**Source material**
————

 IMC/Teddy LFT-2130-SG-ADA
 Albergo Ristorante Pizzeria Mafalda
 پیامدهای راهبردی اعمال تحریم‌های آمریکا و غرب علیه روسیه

————

**Task details**
Write the whole listing out again, exactly as it appears above.

**Output of the task**
 IMC/Teddy LFT-2130-SG-ADA
 Albergo Ristorante Pizzeria Mafalda
 پیامدهای راهبردی اعمال تحریم‌های آمریکا و غرب علیه روسیه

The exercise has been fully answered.